* _TASK DETAILS_: Look below for lines that hold the string "text" and copy each one.

(Records drawn from a dataset)
------------------------------------------------
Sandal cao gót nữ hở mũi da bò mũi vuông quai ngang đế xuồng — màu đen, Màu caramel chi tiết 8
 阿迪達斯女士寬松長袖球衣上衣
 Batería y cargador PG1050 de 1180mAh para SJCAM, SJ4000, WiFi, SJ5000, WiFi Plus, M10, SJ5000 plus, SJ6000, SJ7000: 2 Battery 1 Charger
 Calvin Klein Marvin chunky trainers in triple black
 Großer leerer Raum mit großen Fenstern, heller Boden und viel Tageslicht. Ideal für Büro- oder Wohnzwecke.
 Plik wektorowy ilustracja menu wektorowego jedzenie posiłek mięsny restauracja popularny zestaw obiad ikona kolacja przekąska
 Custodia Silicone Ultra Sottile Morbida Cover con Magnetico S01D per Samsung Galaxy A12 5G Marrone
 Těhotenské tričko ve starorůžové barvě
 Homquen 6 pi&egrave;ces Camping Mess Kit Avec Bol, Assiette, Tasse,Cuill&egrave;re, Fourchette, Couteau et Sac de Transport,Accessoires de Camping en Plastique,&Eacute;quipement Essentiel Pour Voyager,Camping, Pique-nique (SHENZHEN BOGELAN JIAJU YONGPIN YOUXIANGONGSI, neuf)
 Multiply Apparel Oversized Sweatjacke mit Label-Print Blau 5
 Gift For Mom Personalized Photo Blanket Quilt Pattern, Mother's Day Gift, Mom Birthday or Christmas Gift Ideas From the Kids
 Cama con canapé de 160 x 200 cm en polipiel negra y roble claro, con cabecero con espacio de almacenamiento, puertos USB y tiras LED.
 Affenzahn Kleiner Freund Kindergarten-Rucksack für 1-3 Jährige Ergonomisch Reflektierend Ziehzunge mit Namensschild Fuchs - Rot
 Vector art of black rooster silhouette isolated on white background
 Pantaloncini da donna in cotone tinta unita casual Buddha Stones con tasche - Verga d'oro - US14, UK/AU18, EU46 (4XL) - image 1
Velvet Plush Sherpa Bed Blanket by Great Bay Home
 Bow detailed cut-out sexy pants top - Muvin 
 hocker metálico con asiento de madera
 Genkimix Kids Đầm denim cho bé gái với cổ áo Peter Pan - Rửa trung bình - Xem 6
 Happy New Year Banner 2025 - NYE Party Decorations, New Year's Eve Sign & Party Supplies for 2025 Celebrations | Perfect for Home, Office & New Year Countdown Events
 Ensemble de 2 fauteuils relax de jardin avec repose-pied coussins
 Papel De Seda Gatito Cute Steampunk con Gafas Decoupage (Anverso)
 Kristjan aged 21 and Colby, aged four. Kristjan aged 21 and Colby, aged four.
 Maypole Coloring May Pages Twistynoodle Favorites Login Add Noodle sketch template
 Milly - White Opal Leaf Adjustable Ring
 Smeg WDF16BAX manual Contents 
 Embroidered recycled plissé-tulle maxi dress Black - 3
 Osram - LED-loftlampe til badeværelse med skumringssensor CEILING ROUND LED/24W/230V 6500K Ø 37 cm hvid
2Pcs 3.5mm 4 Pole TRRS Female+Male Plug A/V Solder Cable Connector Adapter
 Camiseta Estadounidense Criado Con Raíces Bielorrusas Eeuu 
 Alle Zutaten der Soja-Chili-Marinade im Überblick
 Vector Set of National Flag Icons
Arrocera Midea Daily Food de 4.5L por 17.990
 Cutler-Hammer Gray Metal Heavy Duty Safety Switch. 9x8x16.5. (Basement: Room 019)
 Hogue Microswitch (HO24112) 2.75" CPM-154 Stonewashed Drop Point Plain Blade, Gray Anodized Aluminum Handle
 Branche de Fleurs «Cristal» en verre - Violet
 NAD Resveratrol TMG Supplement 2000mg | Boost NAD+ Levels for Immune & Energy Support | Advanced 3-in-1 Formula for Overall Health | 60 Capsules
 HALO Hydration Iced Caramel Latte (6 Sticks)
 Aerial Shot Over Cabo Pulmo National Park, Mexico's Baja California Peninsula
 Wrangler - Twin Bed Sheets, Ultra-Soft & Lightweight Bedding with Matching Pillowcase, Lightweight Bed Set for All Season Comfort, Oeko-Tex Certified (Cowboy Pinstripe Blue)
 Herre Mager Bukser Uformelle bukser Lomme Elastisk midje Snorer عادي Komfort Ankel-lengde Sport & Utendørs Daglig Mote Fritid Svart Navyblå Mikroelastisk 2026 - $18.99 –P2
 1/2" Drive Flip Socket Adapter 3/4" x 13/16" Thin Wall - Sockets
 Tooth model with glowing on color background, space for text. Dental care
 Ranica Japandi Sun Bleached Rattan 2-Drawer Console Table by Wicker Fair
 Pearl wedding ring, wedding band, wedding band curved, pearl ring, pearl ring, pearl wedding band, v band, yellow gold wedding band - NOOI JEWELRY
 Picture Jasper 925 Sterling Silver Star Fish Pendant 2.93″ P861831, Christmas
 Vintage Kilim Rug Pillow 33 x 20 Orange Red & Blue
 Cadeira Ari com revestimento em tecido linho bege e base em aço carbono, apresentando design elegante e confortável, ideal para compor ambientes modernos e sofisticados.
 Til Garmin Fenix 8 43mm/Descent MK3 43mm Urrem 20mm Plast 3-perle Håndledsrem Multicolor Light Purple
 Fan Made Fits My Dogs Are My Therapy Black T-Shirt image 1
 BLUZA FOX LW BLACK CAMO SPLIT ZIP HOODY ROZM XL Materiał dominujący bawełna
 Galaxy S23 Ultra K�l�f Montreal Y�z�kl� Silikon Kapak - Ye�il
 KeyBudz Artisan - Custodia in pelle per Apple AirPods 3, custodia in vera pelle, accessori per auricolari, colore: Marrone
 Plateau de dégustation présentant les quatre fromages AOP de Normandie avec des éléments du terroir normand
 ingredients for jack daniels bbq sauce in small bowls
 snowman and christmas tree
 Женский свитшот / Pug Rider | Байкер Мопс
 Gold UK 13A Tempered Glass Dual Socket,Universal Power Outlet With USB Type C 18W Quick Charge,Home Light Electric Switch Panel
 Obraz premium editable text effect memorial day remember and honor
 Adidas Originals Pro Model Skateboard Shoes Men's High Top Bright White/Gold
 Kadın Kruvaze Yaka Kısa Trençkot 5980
------------------------------------------------
* _RESULT OF THIS EXERCISE_:
 Tooth model with glowing on color background, space for text. Dental care
 Obraz premium editable text effect memorial day remember and honor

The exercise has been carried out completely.